#### Aim of the exercise:
Return, exactly and with nothing added, the line with "Комплект унитаза Vitra" together with all lines after it through the end of the data below. No pictures belong in the copy.

#### The data:

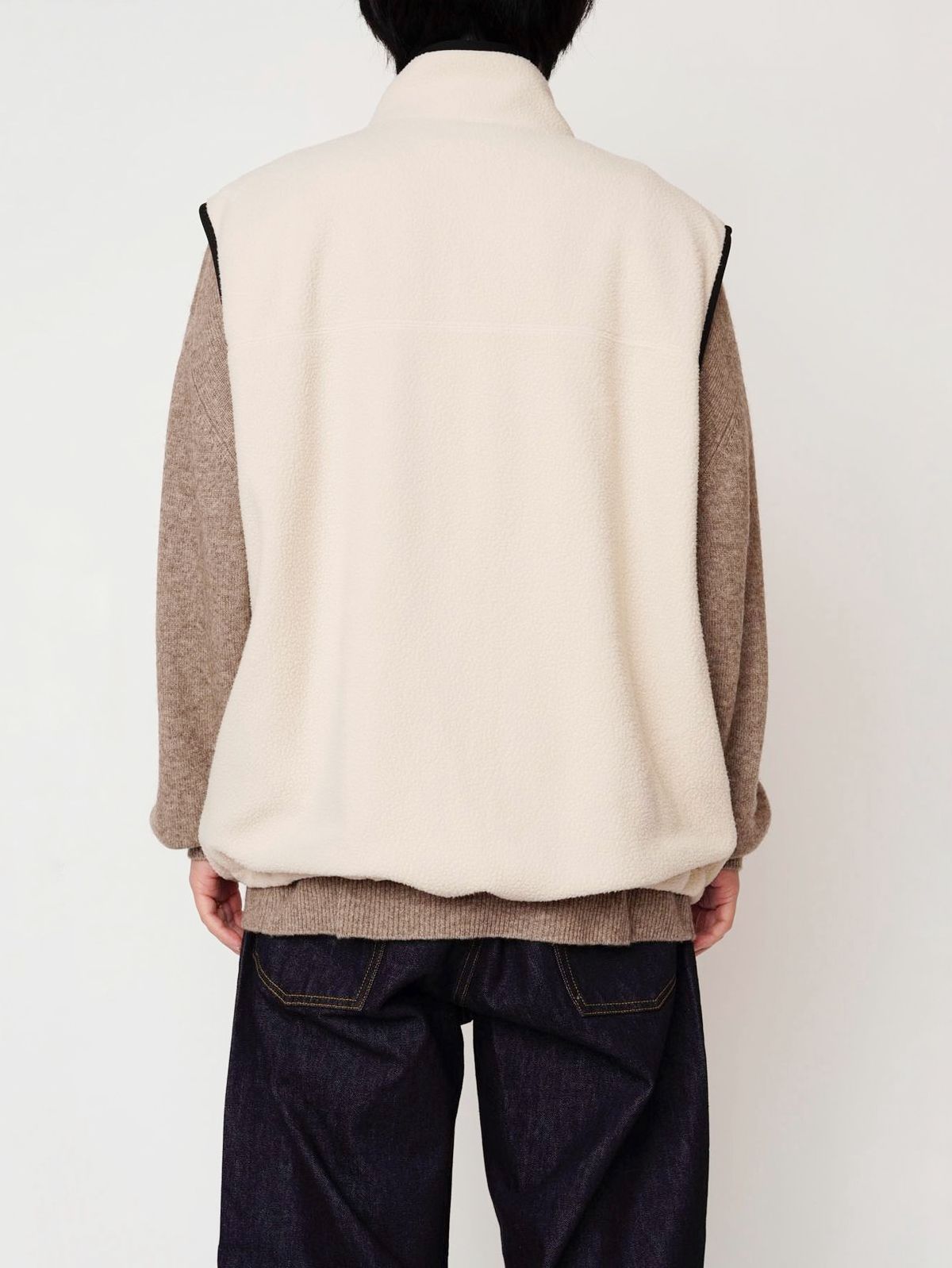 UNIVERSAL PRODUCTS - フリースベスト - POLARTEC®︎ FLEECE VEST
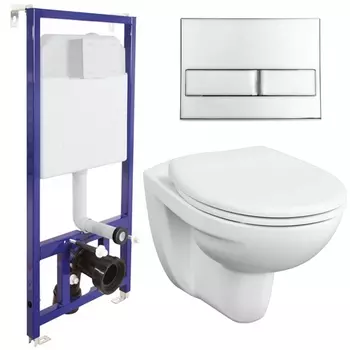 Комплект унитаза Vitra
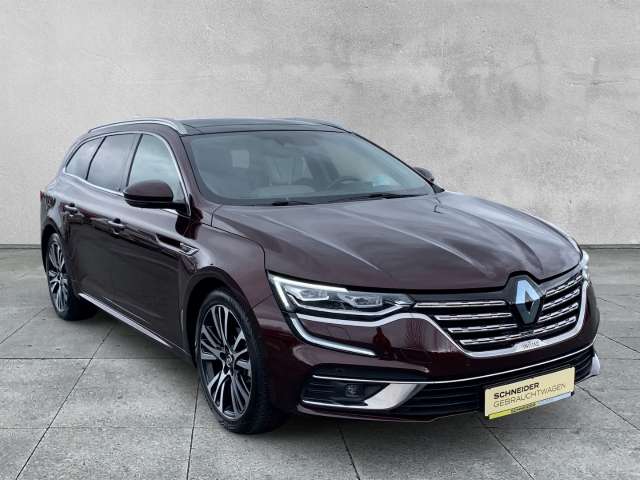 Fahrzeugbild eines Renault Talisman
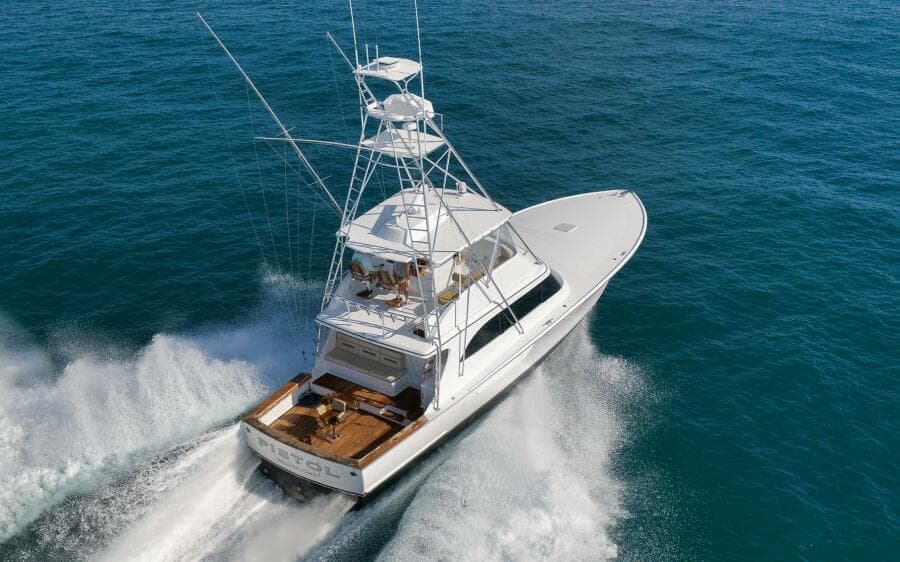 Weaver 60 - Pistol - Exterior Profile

#### Output below:
 Комплект унитаза Vitra
 Fahrzeugbild eines Renault Talisman
 Weaver 60 - Pistol - Exterior Profile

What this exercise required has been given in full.